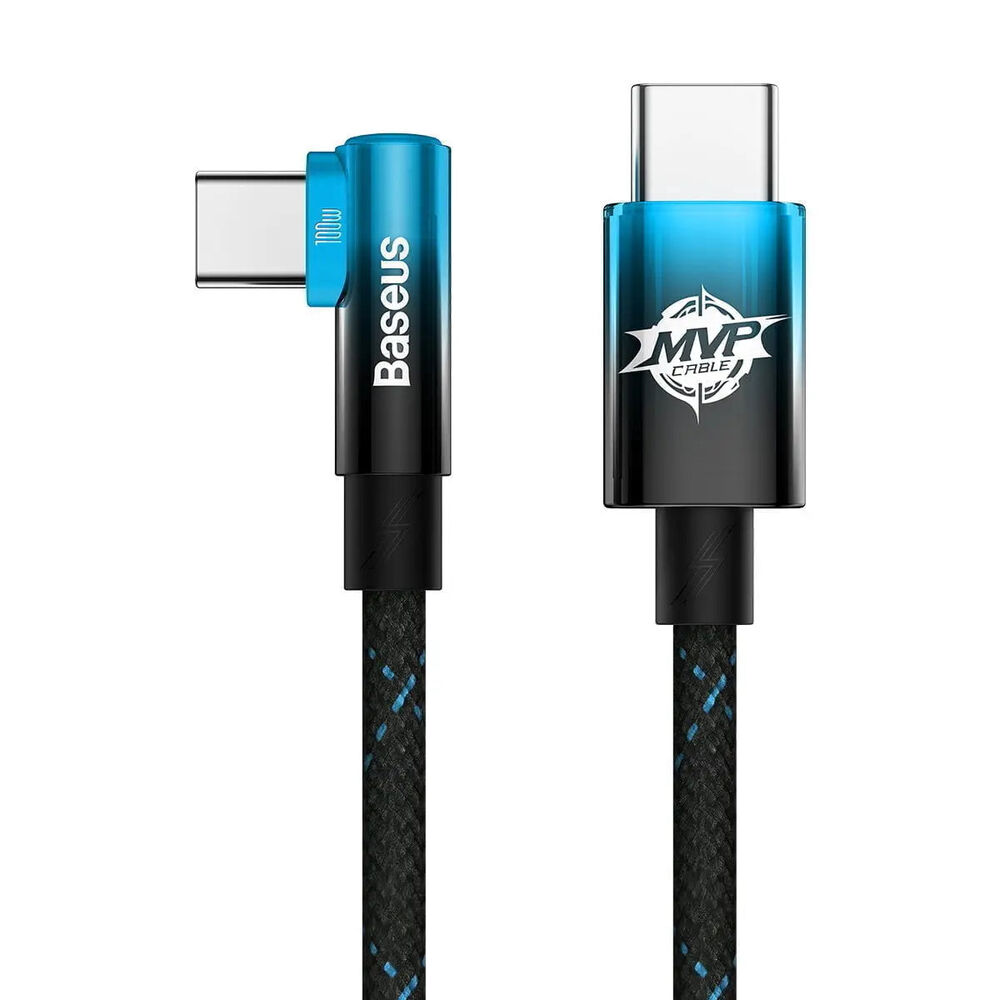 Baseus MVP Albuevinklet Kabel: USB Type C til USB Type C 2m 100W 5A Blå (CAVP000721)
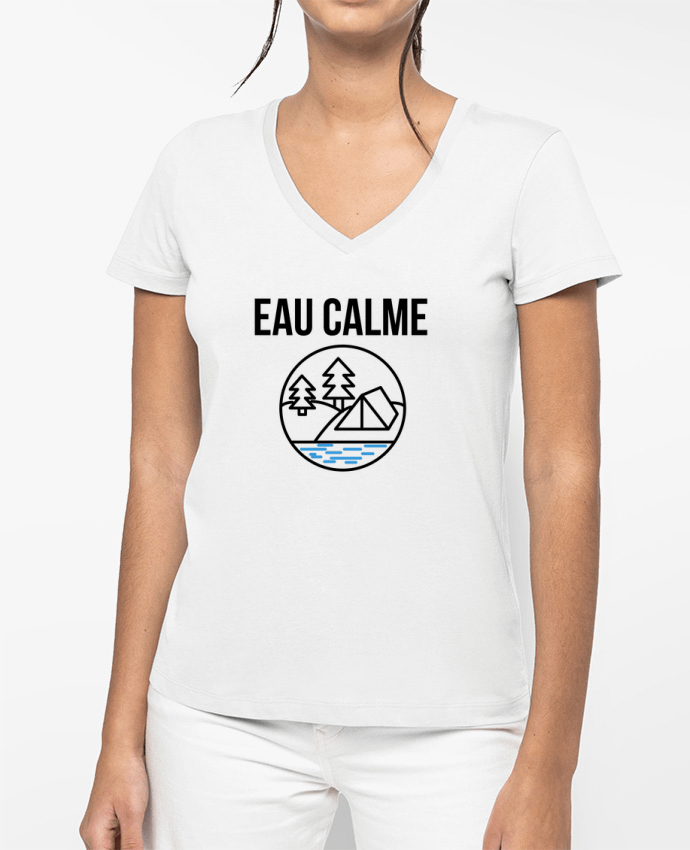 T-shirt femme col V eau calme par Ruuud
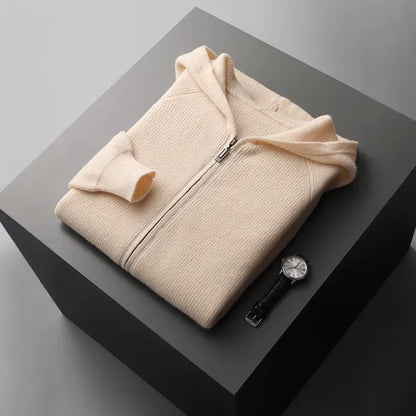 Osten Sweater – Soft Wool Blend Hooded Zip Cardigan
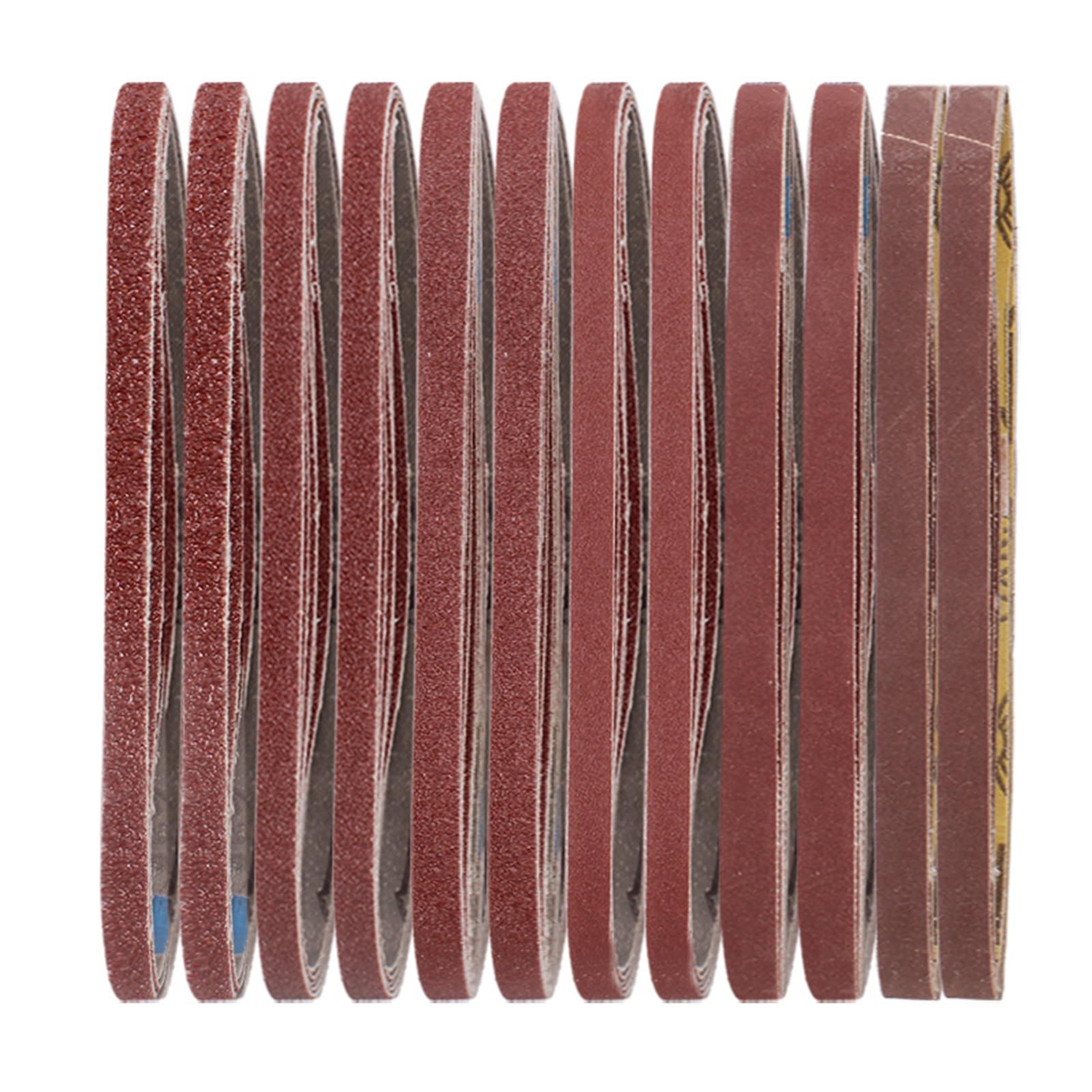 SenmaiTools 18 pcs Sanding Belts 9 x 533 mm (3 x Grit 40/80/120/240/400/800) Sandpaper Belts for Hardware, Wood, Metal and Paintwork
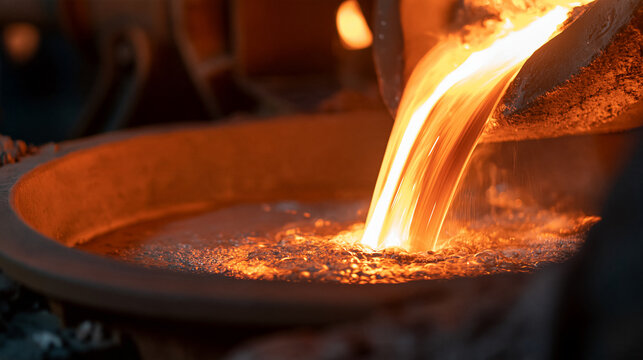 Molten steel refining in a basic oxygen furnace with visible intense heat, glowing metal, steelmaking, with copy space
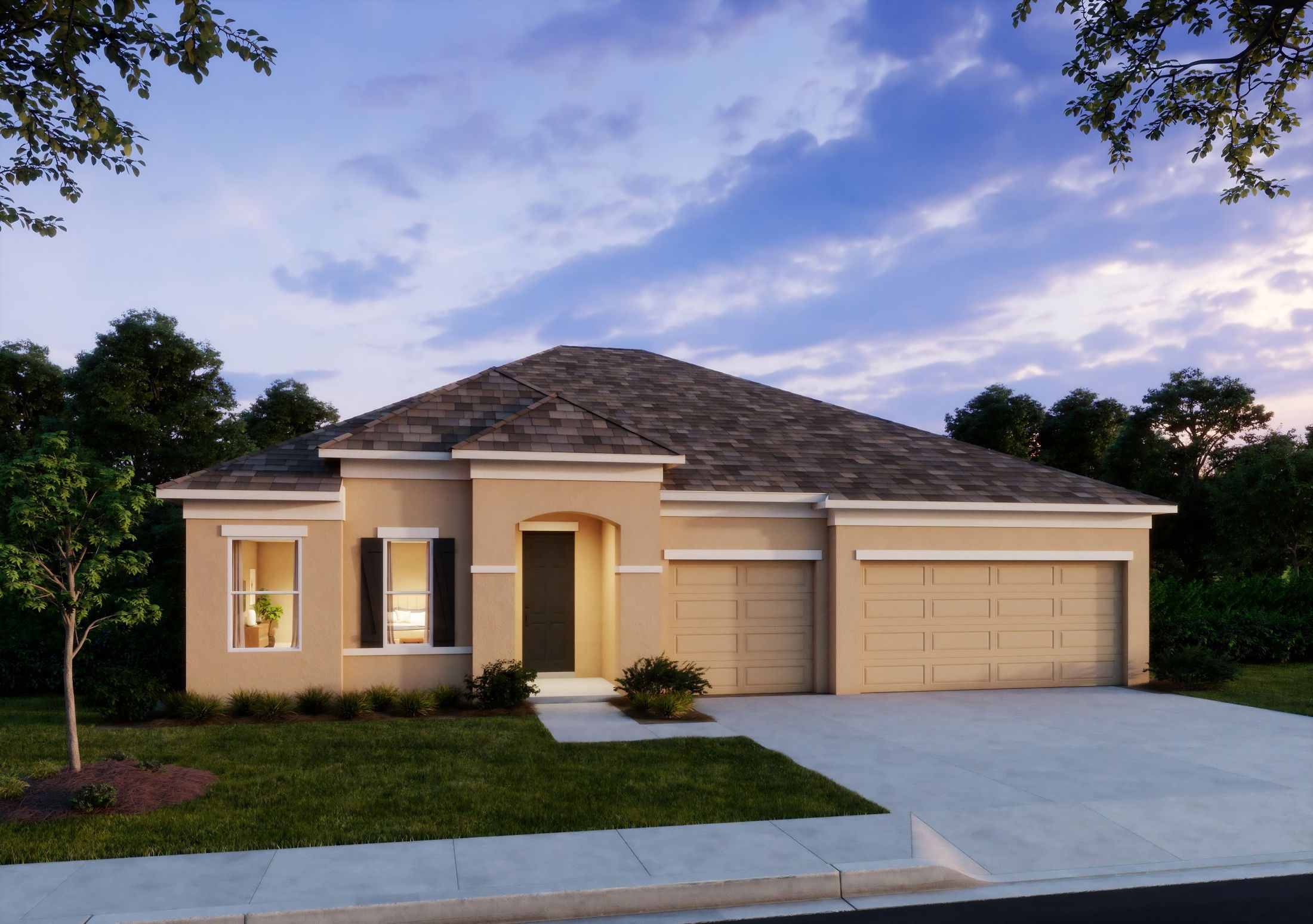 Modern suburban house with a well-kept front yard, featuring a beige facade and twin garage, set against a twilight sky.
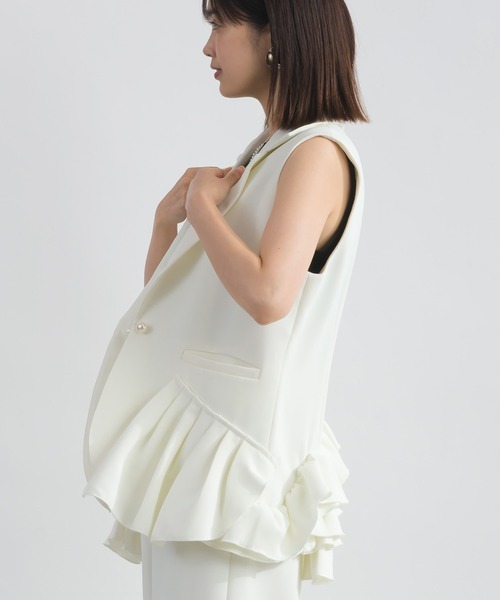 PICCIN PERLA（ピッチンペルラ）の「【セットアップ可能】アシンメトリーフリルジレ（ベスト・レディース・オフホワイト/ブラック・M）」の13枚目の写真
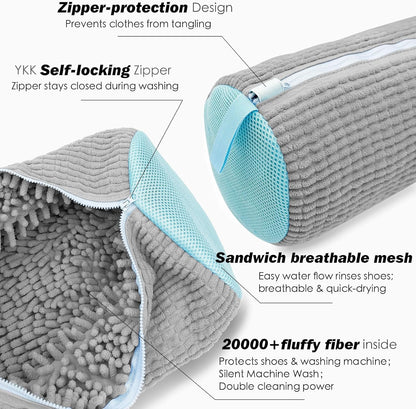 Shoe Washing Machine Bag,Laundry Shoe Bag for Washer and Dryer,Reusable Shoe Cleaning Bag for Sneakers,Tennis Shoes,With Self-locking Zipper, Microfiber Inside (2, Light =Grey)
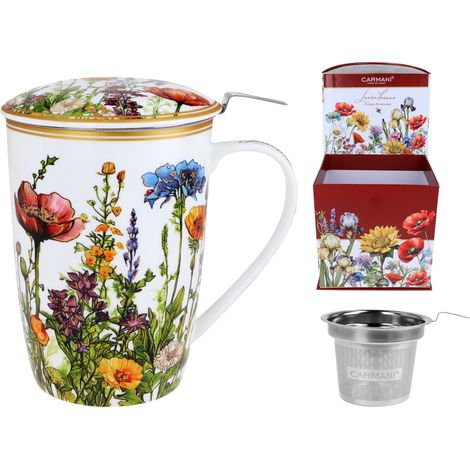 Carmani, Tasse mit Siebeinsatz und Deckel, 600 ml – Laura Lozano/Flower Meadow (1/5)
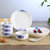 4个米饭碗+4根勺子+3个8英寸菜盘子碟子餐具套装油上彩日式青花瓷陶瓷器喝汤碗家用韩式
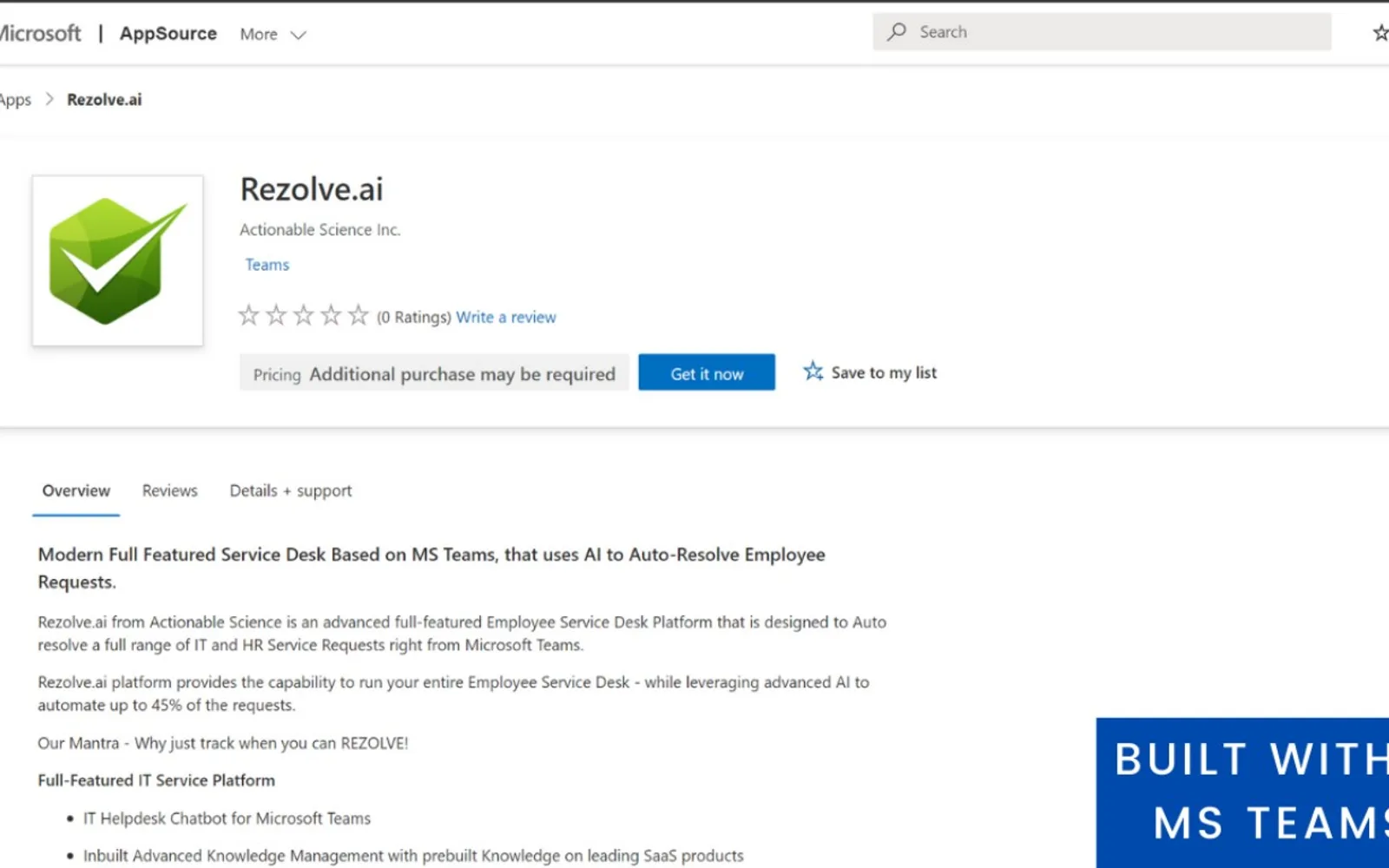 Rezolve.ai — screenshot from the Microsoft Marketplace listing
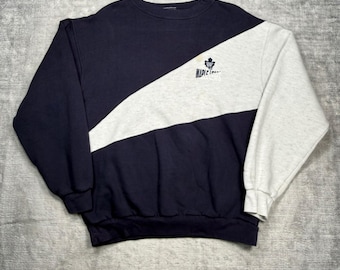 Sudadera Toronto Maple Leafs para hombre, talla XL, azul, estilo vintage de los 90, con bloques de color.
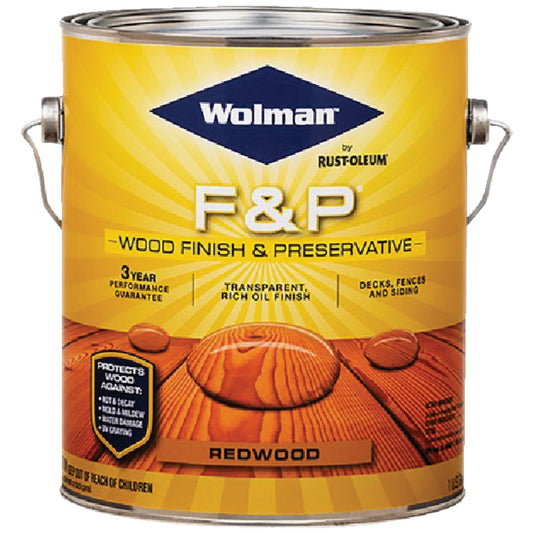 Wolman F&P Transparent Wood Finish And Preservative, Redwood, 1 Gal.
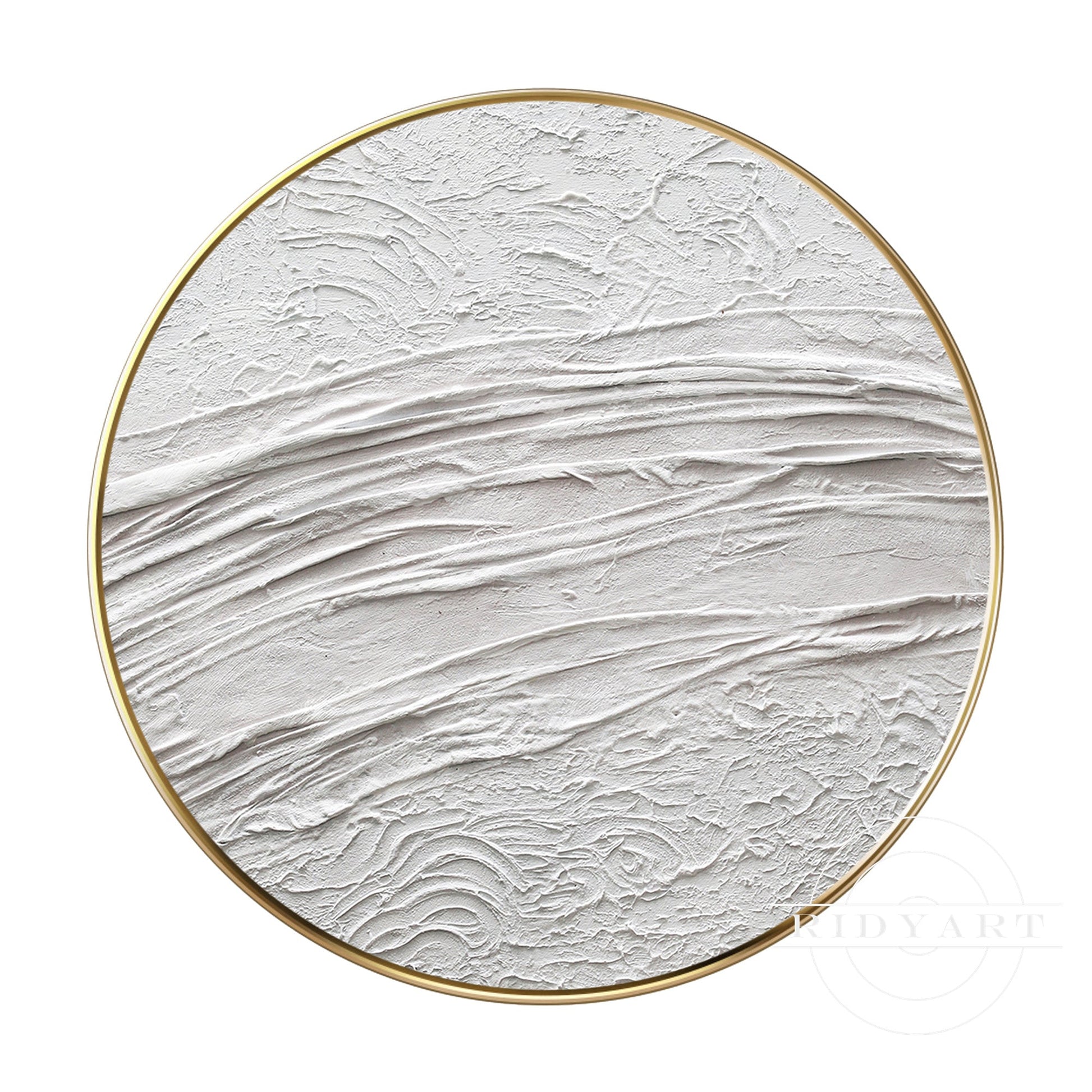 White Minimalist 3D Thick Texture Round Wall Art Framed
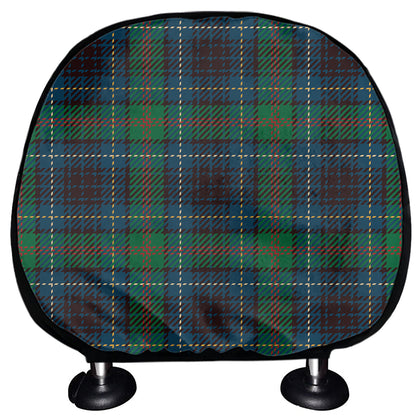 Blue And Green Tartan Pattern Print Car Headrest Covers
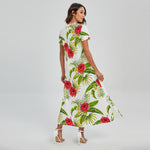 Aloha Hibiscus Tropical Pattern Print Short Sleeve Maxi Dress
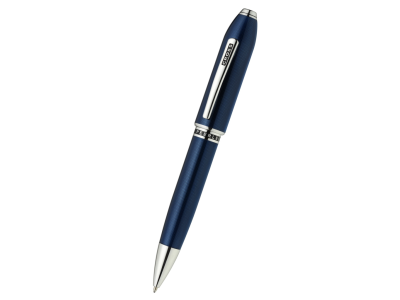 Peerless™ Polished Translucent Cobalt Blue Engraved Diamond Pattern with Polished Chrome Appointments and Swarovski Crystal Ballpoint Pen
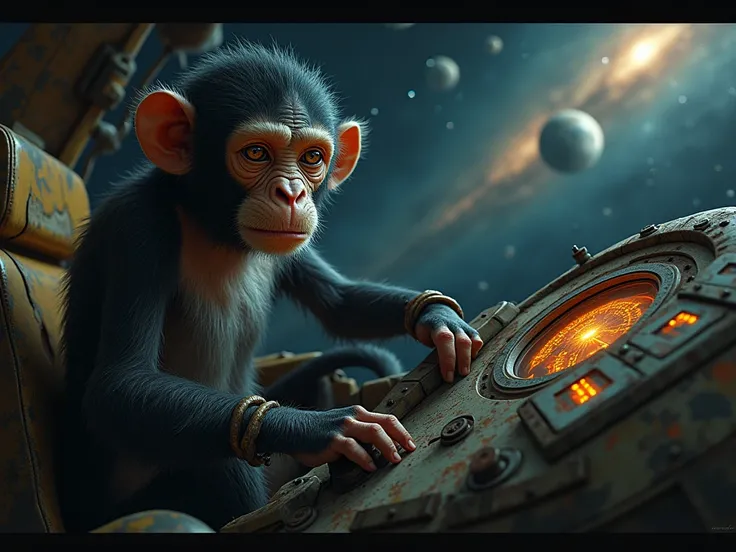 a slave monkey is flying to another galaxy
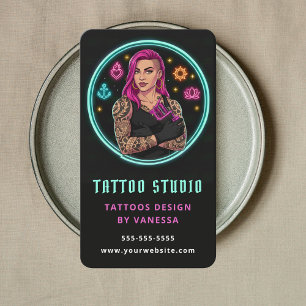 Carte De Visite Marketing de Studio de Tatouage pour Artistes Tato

.....

== Task item ==
The lines running from the one with "Modern suburban house" to the close of the material above are to be retyped exactly; no picture is to be included.

== Output of the exercise ==
 Modern suburban house with a well-kept front yard, featuring a beige facade and twin garage, set against a twilight sky.
 PICCIN PERLA（ピッチンペルラ）の「【セットアップ可能】アシンメトリーフリルジレ（ベスト・レディース・オフホワイト/ブラック・M）」の13枚目の写真
 Shoe Washing Machine Bag,Laundry Shoe Bag for Washer and Dryer,Reusable Shoe Cleaning Bag for Sneakers,Tennis Shoes,With Self-locking Zipper, Microfiber Inside (2, Light =Grey)
 Carmani, Tasse mit Siebeinsatz und Deckel, 600 ml – Laura Lozano/Flower Meadow (1/5)
 4个米饭碗+4根勺子+3个8英寸菜盘子碟子餐具套装油上彩日式青花瓷陶瓷器喝汤碗家用韩式
 Rezolve.ai — screenshot from the Microsoft Marketplace listing
 Sudadera Toronto Maple Leafs para hombre, talla XL, azul, estilo vintage de los 90, con bloques de color.
 Wolman F&P Transparent Wood Finish And Preservative, Redwood, 1 Gal.
 White Minimalist 3D Thick Texture Round Wall Art Framed
 Blue And Green Tartan Pattern Print Car Headrest Covers
 Aloha Hibiscus Tropical Pattern Print Short Sleeve Maxi Dress
 Peerless™ Polished Translucent Cobalt Blue Engraved Diamond Pattern with Polished Chrome Appointments and Swarovski Crystal Ballpoint Pen
 a slave monkey is flying to another galaxy
 Carte De Visite Marketing de Studio de Tatouage pour Artistes Tato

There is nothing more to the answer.